Even more than Butch Davis, Blake exemplified and personified North Carolina’s desperate, win-at-all-costs pursuit of big-time football success almost two decades ago. It was in many ways an attempt to find a shortcut back to the glory days under Mack Brown after the program had gone awry under first Carl Torbush and then John Bunting. (A decade later, it would turn out that Brown was both the question and the answer.)
That the university even allowed Davis to hire Blake as his defensive line coach underlined just how many shortcuts UNC was willing to take at that point. Blake arrived with two Super Bowl rings, a strong reputation for recruiting and developing NFL-bound lineman and an even stronger reputation for bending the rules when it came time to seal a commitment.
But Davis pushed hard for Blake, who he had coached in high school. Some schools — and previously UNC likely would have counted itself among them — wouldn’t let someone like Blake on campus. It was a decision UNC would come to regret. Several of the players Blake recruited to UNC did indeed go on to the NFL, most notably Marvin Austin, but not before dragging the university through the NCAA mud first.

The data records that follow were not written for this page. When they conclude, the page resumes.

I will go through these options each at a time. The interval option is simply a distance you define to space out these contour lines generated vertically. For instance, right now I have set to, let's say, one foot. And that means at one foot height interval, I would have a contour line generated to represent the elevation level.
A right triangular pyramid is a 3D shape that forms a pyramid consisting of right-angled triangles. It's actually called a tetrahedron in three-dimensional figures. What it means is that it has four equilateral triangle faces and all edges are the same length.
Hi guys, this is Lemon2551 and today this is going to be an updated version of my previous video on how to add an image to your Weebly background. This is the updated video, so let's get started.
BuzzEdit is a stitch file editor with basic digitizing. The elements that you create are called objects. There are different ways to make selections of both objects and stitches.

Would the rap lyrics Austin tweeted have sparked the massive investigation they did if Blake weren’t already there to attract the NCAA’s attention? Either way, it led to the discovery that the program was awash in agents and runners, even in the weight room. Meanwhile, Blake was in cahoots with agent Gary Wichard, running what appeared to be a pump-and-dump scheme with draft prospects, among other transgressions.
The NCAA unearthed evidence of Blake’s deep connections to Wichard’s agency, Pro Tect Management, and the Blake-Wichard clients always seemed to get favorable treatment from ESPN analyst Mel Kiper Jr., who swore Blake and Wichard were merely friends.

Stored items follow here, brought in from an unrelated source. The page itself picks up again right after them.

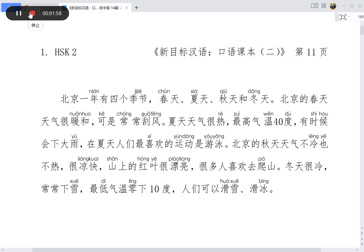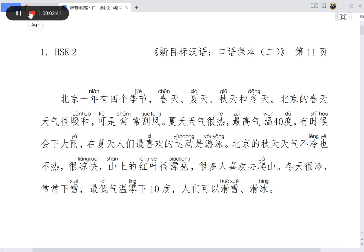山上的红叶很漂亮，很多人喜欢去爬山。冬天很冷，常常下雪，最低气温零下十度，人们可以滑雪、滑冰。OK, 再读一遍。[Repeats the entire passage from the beginning about Beijing's four seasons]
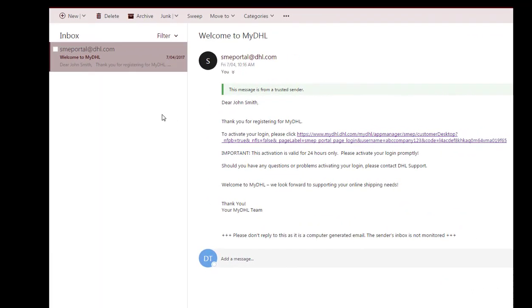Please check your inbox and open the email welcoming you to MyDHL from the SME portal. Click the link within the email to activate your login.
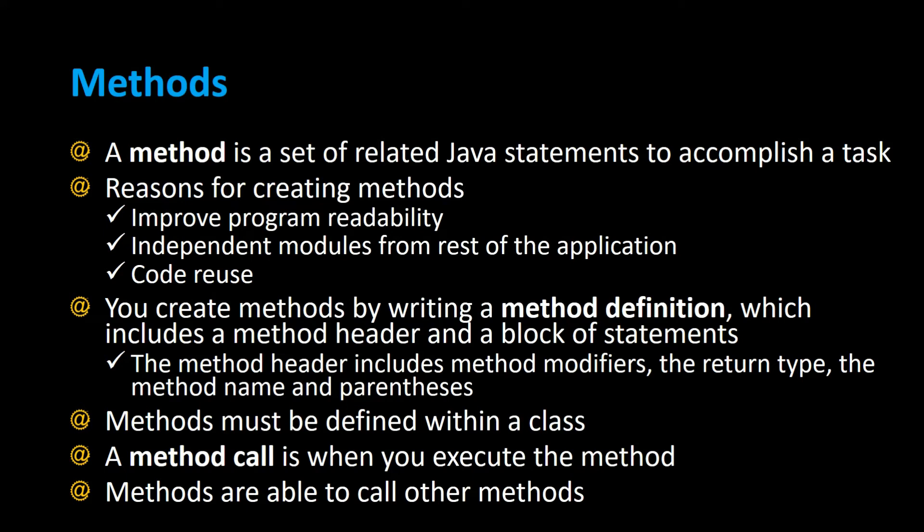You create methods by writing a method definition which includes a method header and a block of statements enclosed in curly braces. The method header includes many important parts such as the method modifiers whether it's public or private, the return type, the name of the method, as well as a set of parentheses that may or may not have parameters inside them.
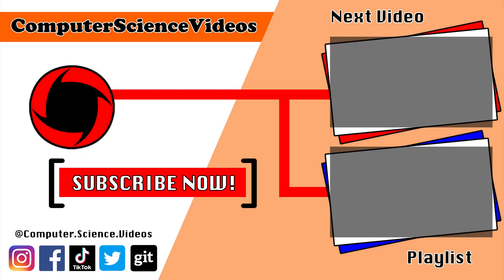Thank you for making it towards the end of the video. Be sure to subscribe to my channel Computer Science Videos. Be sure to check out the previous video on screen now, or you can ideally click on the playlist and watch all the journey for Computer Science Videos from the start until now.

Every bit of it was ghastly for North Carolina, a school that had always prided itself on its squeaky-clean image. From the frame-by-frame Zaprudering of the players getting off the bus for the 2010 opener against LSU in Atlanta to see who was and wasn’t eligible — 13 players were ineligible and Blake resigned the next day — to the receipts and airline tickets that documented the illegal benefits players got from agents, the Davis-Blake regime brought only embarrassment to Chapel Hill, never an ACC title or 10-win season.
Whatever Blake did, though, was tacitly sanctioned by Davis and the university, from the chancellor on down. Because of his reputation, he became as convenient a place to pin the blame as anyone, even if he had only been doing exactly what he had been hired to do. In the end, Davis tried to shift responsibility to his old friend, trying to stave off his own inevitable firing for a few more months.
“I’m sorry that it has affected the football program,” Davis said in 2010, a month after Blake left the team. “But I’m going to tell you what I’m more sorry about, I’m sorry that I trusted John Blake.”
When the school settled with the NCAA in 2012, the football scandal had already unearthed the beginnings of a much bigger scandal that would take years to unravel. By the time the NCAA decided in 2017 it couldn’t prosecute UNC for decades of academic fraud, Blake was long gone and all but forgotten. The NCAA hit him with a three-year show cause penalty, essentially banning him from college football, and other than one year on the Buffalo Bills’ staff, that was the end of Blake’s coaching career.
There’s no doubt Blake was good at what he did. He had a short and unsuccessful stint as head coach at Oklahoma, his alma mater, but many of the players he recruited won a national title after he left. The man could coach defensive linemen. And he could recruit them, methods unknown. North Carolina certainly got that from him. And a lot more.